In its actions, the Giants tacitly admitted they were moving on from the Bochy/Madison Bumgarner/Buster Posey/Brandon Belt/Brandon Crawford/Pablo Sandoval years – the last remaining residue of the championships.

Manager Bochy’s spring announcement that he planned to retire after the 2019 season put an exclamation point on the organization’s direction. The question as to whether Bochy is really retiring or is being granted the respect to leave on his own terms so Zaidi and his staff can hire a manager whose thinking corresponds with theirs will be answered if Bochy takes some time off and then leaks that he’s bored and will listen to offers to manage.

Posey, Belt and Crawford are under contract for the foreseeable future, but if they are not traded, they will be ancillary players who fit in with the scheme rather than the foundation around which the scheme is crafted. With no contract extension forthcoming for Bumgarner, they had essentially said he was going to be traded by the deadline. The only question was where.

Then, from the nadir of their season so far on June 29 when they were 12 games below .500, eight games from a Wild Card spot and ahead of only the Marlins in the overall National League standings, the Giants started winning.
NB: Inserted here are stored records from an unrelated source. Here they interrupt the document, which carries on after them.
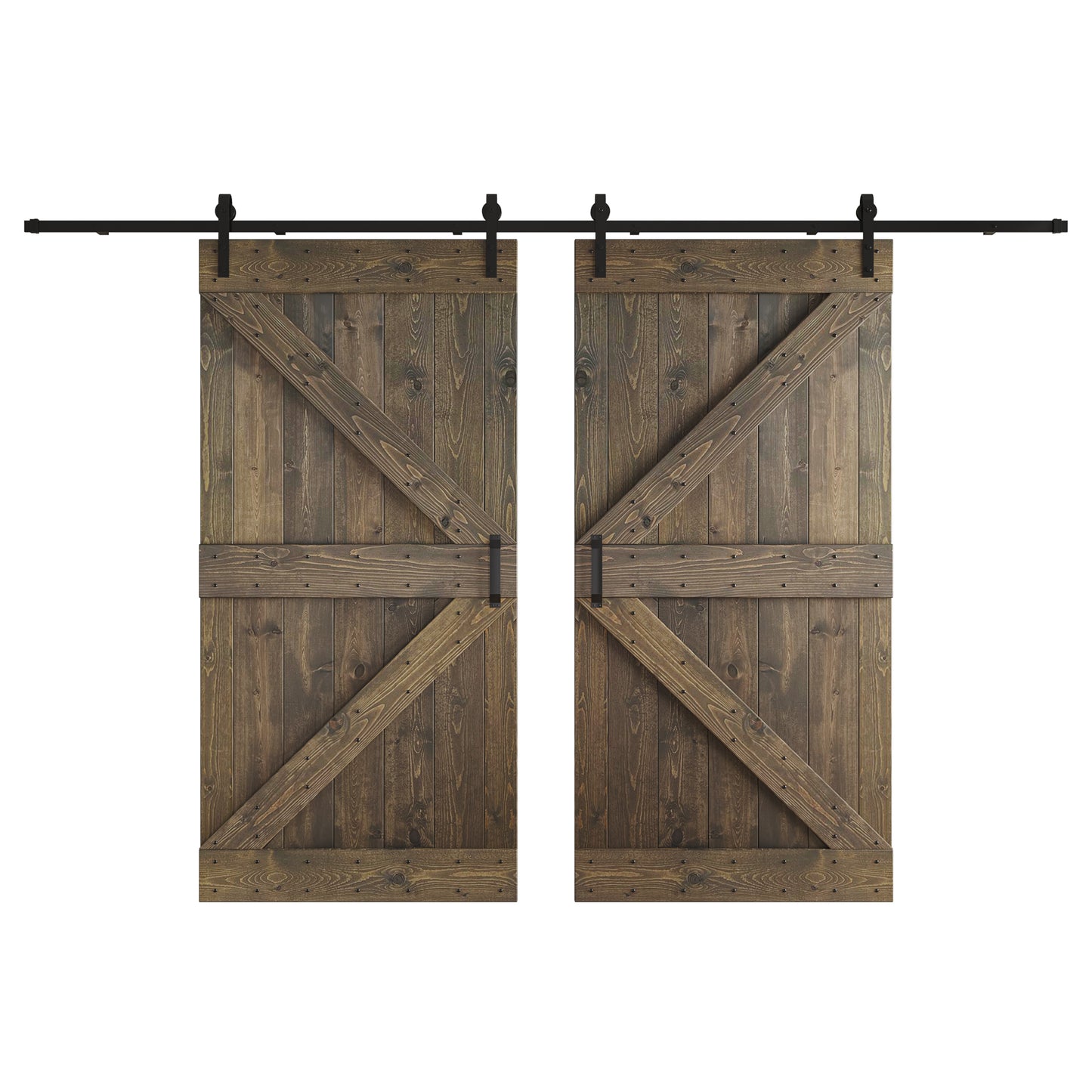 K Series 48 in/60 in/72 in/84 in x 84 in DIY Finished Knotty Pine Wood Double Sliding Barn Door With Hardware Kit
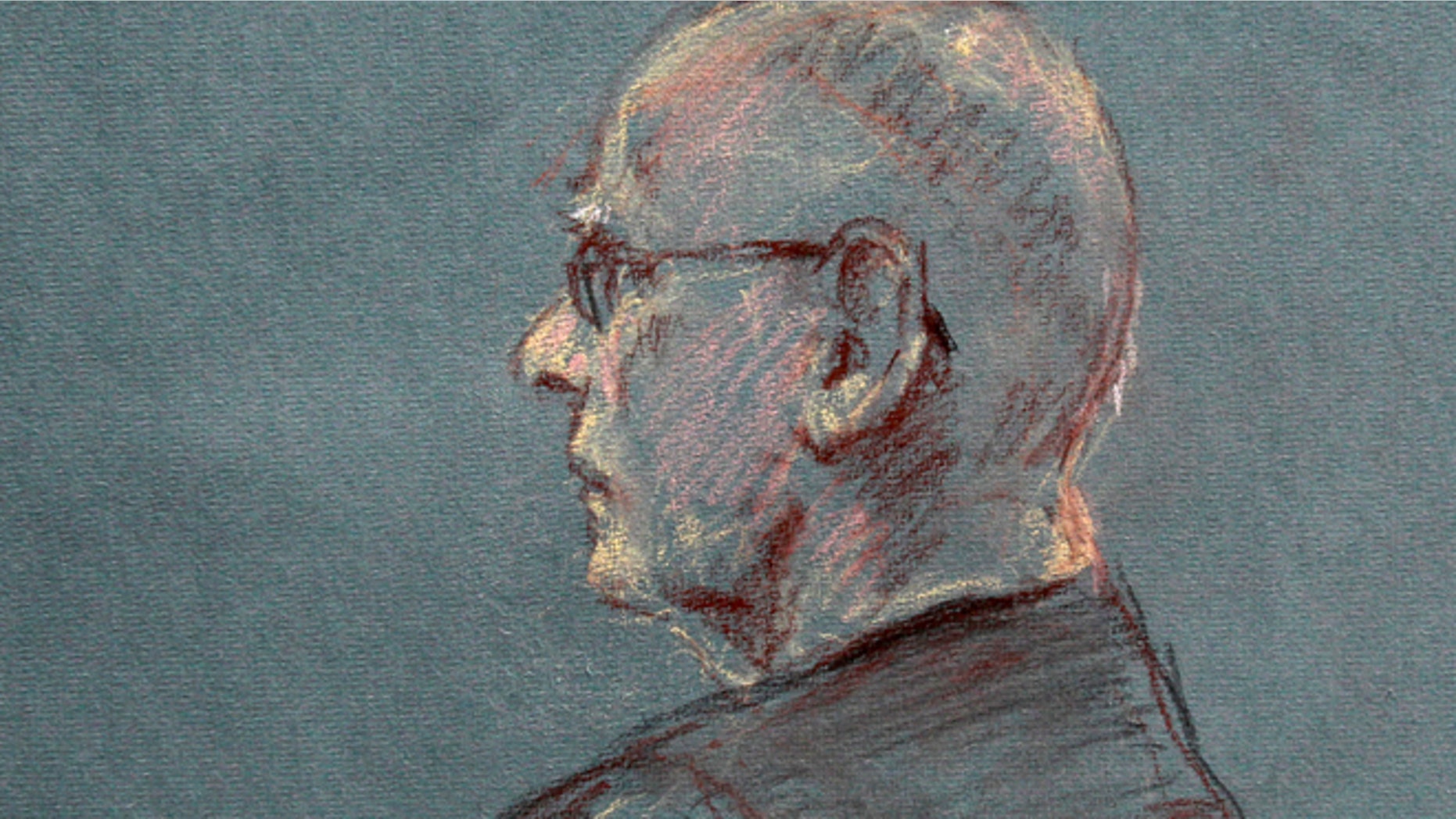 This courtroom sketch depicts James "Whitey" Bulger at the beginning of jury selection for his trial in U.S. District Court in Boston, Tuesday, June 4, 2013. Bulger faces a long list of crimes, including playing a role in 19 killings. He spent more than 16 years on the run before being captured in Santa Monica, Calif., in 2011. (AP Photo/Margaret Small)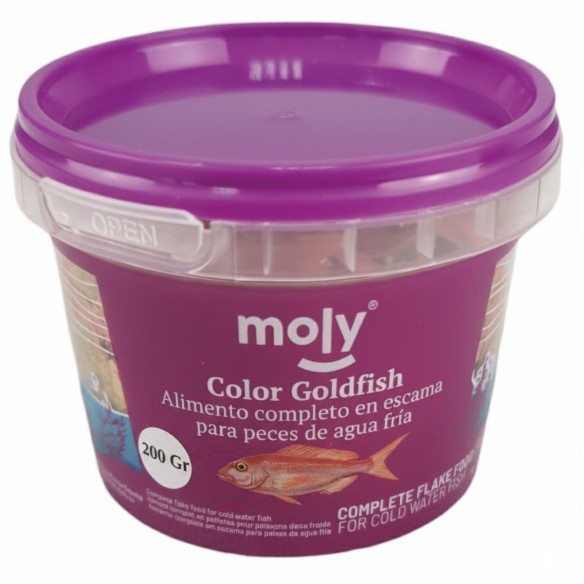 Alimento Moly Goldfish Color 200g para peces vibrantes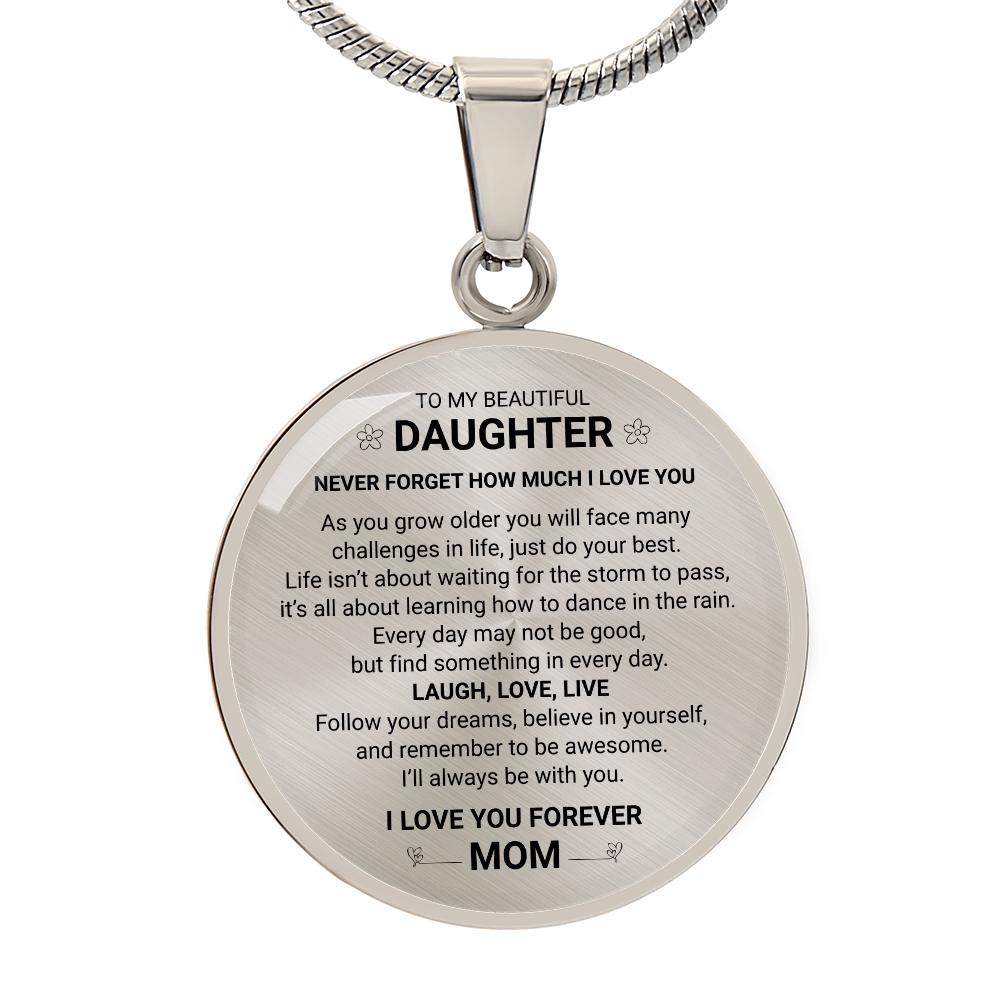 My Daughter  - I Love You Forever Note Necklace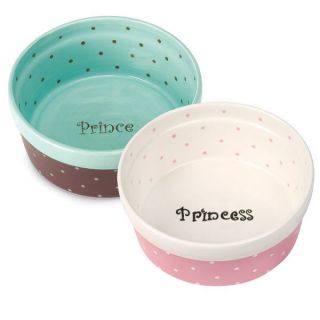 Pet Studio Ceramic Polka Dot Prince/Princes s Dog/Cat Dishes/Bowls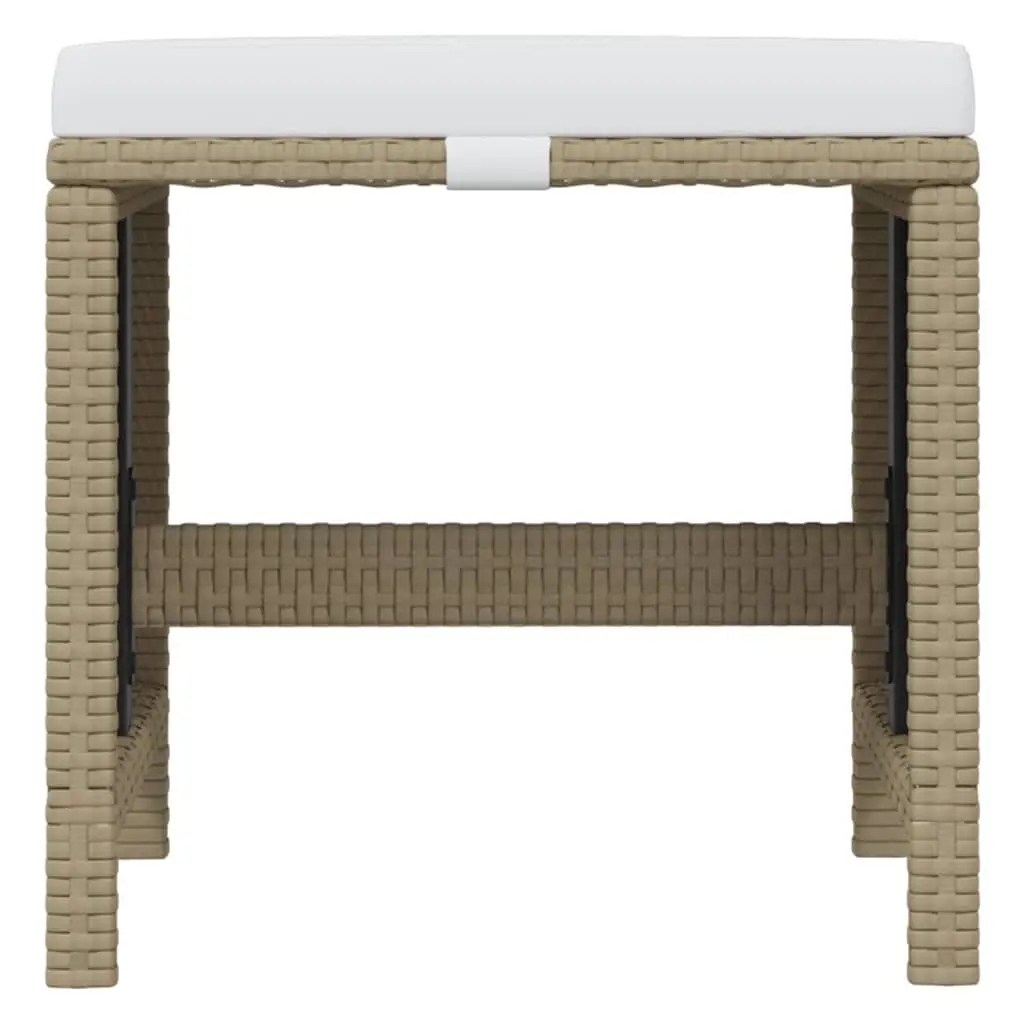 Garden Dining Set Outdoor Furniture 11 Piece Poly Rattan Beige Patio Table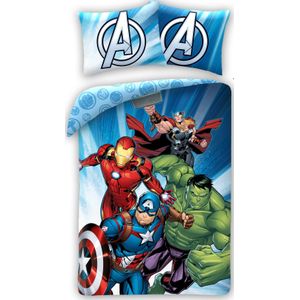 Marvel Avengers Dekbedovertrek, Team Power - Eenpersoons - 140 x 200 + 70 x 90 cm - Katoen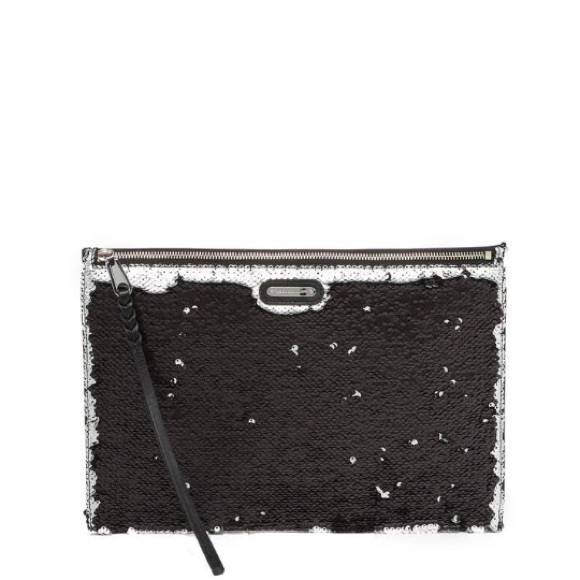 Rebecca minkoff large sequined leather clutch NWT - Picture 3 of 6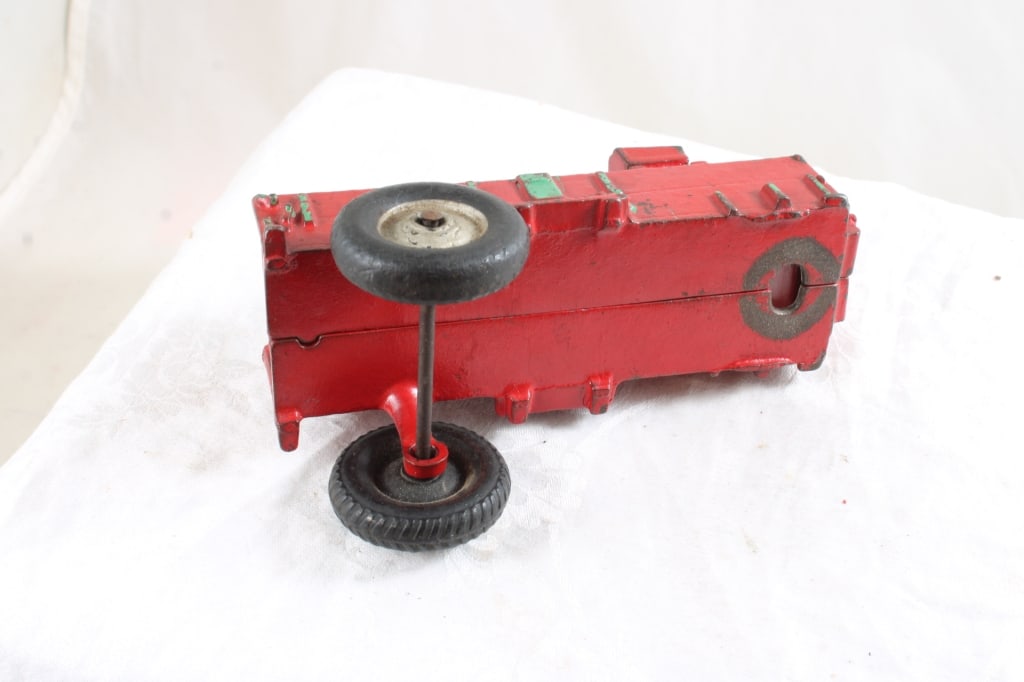 Arcade Cast Iron 2 Horse Wagon with Foil Label - 7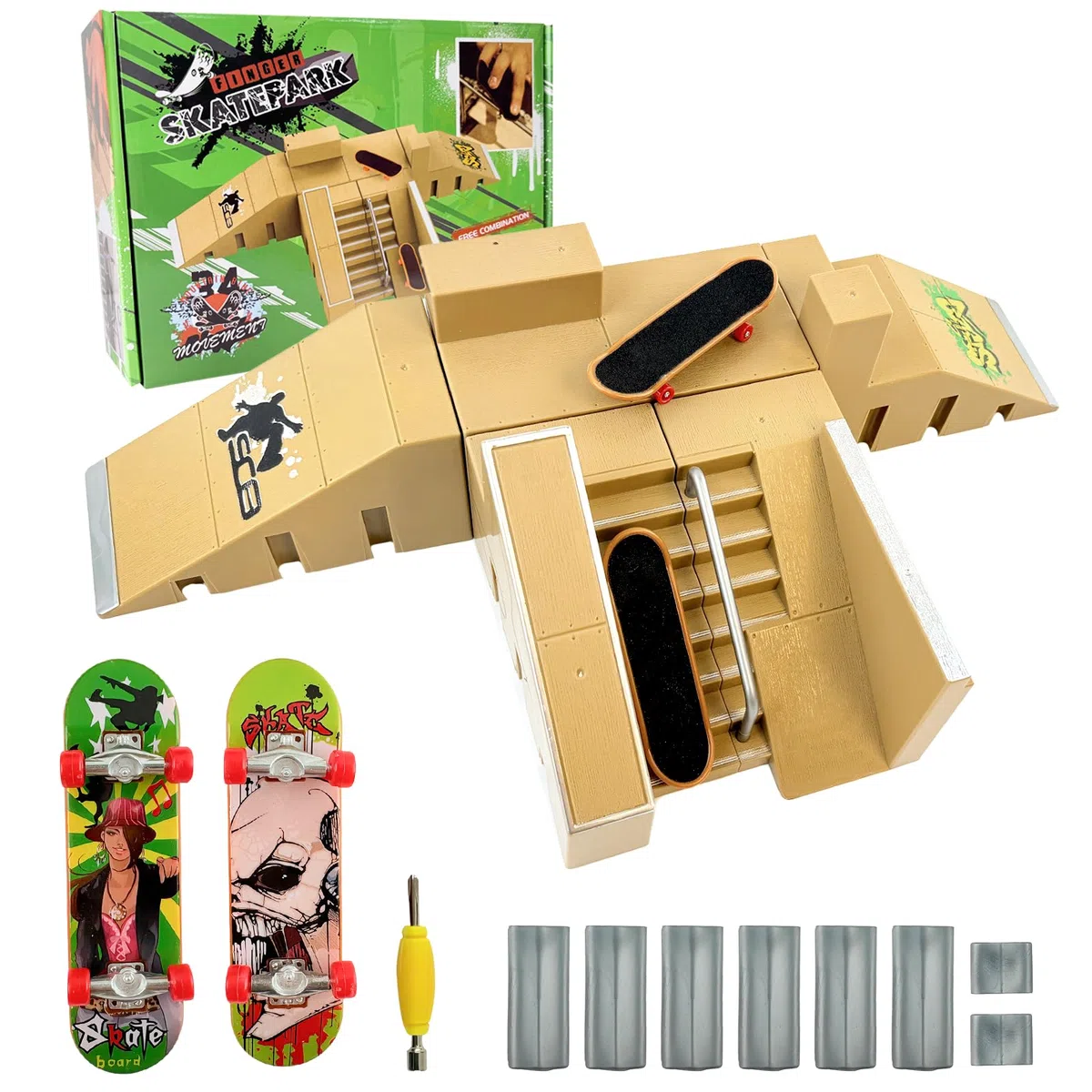 Morofme Set di accessori per skateboard e rampa per dita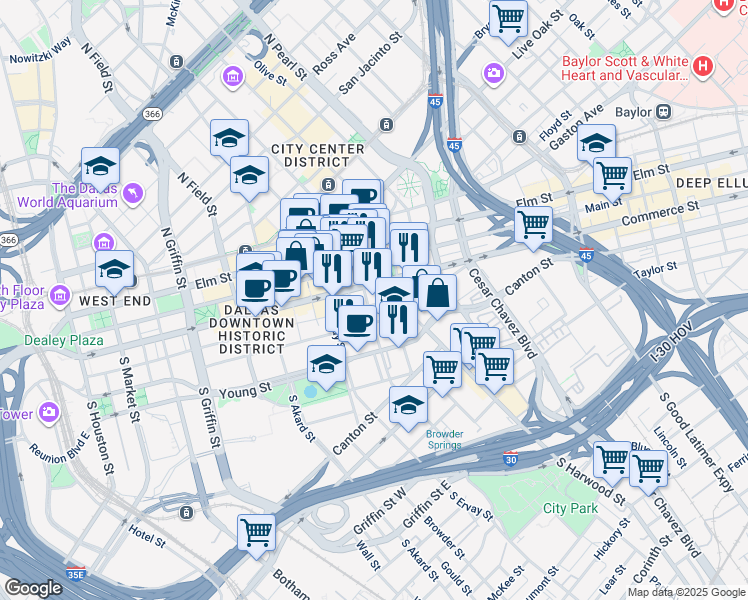 map of restaurants, bars, coffee shops, grocery stores, and more near 1919 Jackson Street in Dallas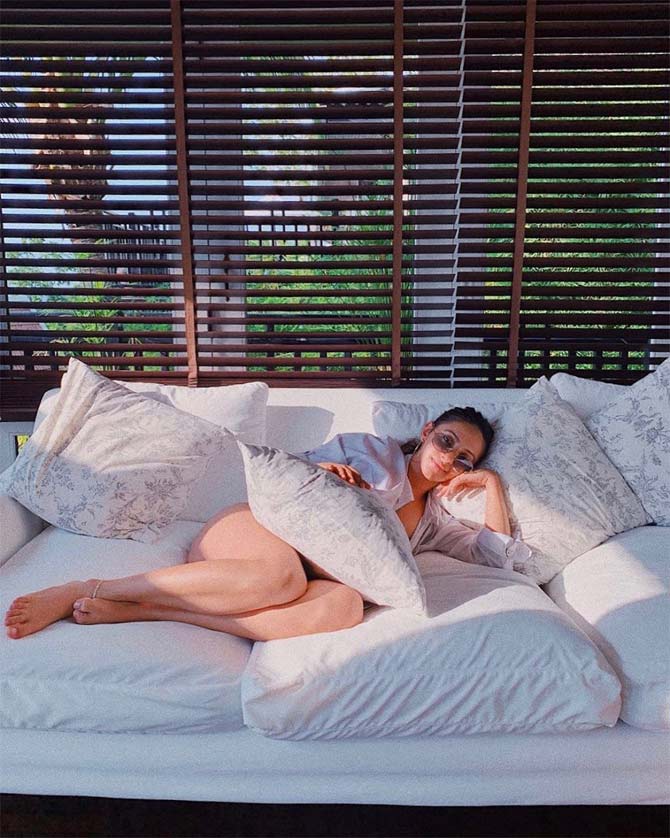 Akansha Ranjan Kapoor has been quite a star for some time now. She is already a fashion influencer, and her social media account is proof of how she loves experimenting with fashion.
In picture: A photo of the actress chilling at a resort in Maldives. Sharing this one, she wrote, 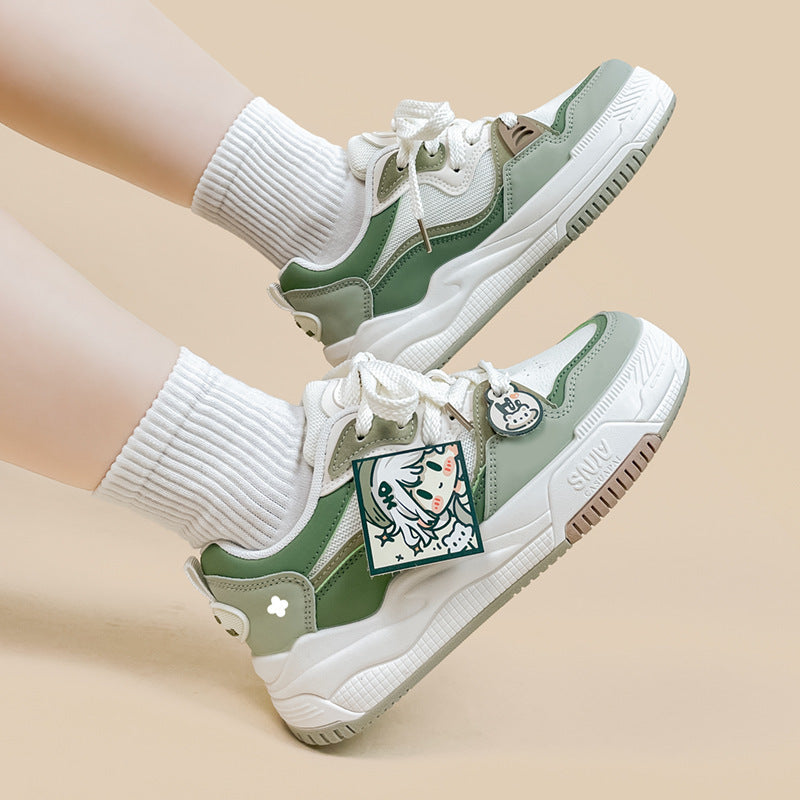 Green Versatile Good-looking Junior High School Girls' Shoes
In the subsequent three weeks and after Thursday night’s/Friday morning’s 16-inning win over the Mets, the Giants were 13-2 and gained 5.5 games in the Wild Card standings.

This is where it gets complicated. Having this happen so close to the July 31 trade deadline in the season after August trades were eliminated by MLB, the Giants and every other team must decide on what they are and what they want to be. The second Wild Card has opened so many scenarios to make an argument to stand pat that the fans and media will not accept a club punting on a season when there is the remotest possibility of making a run. It takes an experienced and entrenched baseball operations boss plus a willing ownership to do that.

Some teams will take a wait-and-see approach to their midseason status before acting. The Mets fall into that category, but they are not in the same circumstance as the Giants in that they have enough young talent and starting pitching under contract that they can say they’re going to retool and try and win in 2020. Some will disagree with the philosophy and its ambiguity, preferring the resoluteness of “this is what we’re doing, like it or not.”

The Twins were faced with a comparable conundrum in 2017. Having abandoned their longtime method of running things with the “Twins Way,” they fired veteran GM Terry Ryan and manager Ron Gardenhire, mitigated background architect Tom Kelly and moved on with former Cleveland Indians director of baseball operations Derek Falvey as the Twins new chief baseball officer They had lost 103 games the previous year and were not expected to be anything more than, at most, a 90-loss team. Instead, they hovered around contention for the second Wild Card and a likely one-game dismissal by the Yankees or Red Sox if they made the playoffs.

Instead of having the freedom to do what they wanted with a 100-loss team, Falvey and GM Thad Levine were suddenly saddled with trying to make a playoff run when it was inconvenient to their plans; was a waste of time, energy and assets; and hindered rather than helped. So, they vacillated. They made trades to “improve” as the second Wild Card spot played down to them instead of vice versa. They acquired Jaime Garcia for show, and traded Garcia and Brandon Kintzler a week later as a concession…and then still won the second Wild Card that no one in the front office wanted. They got hammered by the Yankees in the playoff game and were then free to continue their rebuild. Still, loitering around contention might have prevented them from maximizing their best tradeable assets Brian Dozier and Ervin Santana and stagnated what they set out to accomplish. It didn’t hurt them significantly as they are currently in first place, but it didn’t help either.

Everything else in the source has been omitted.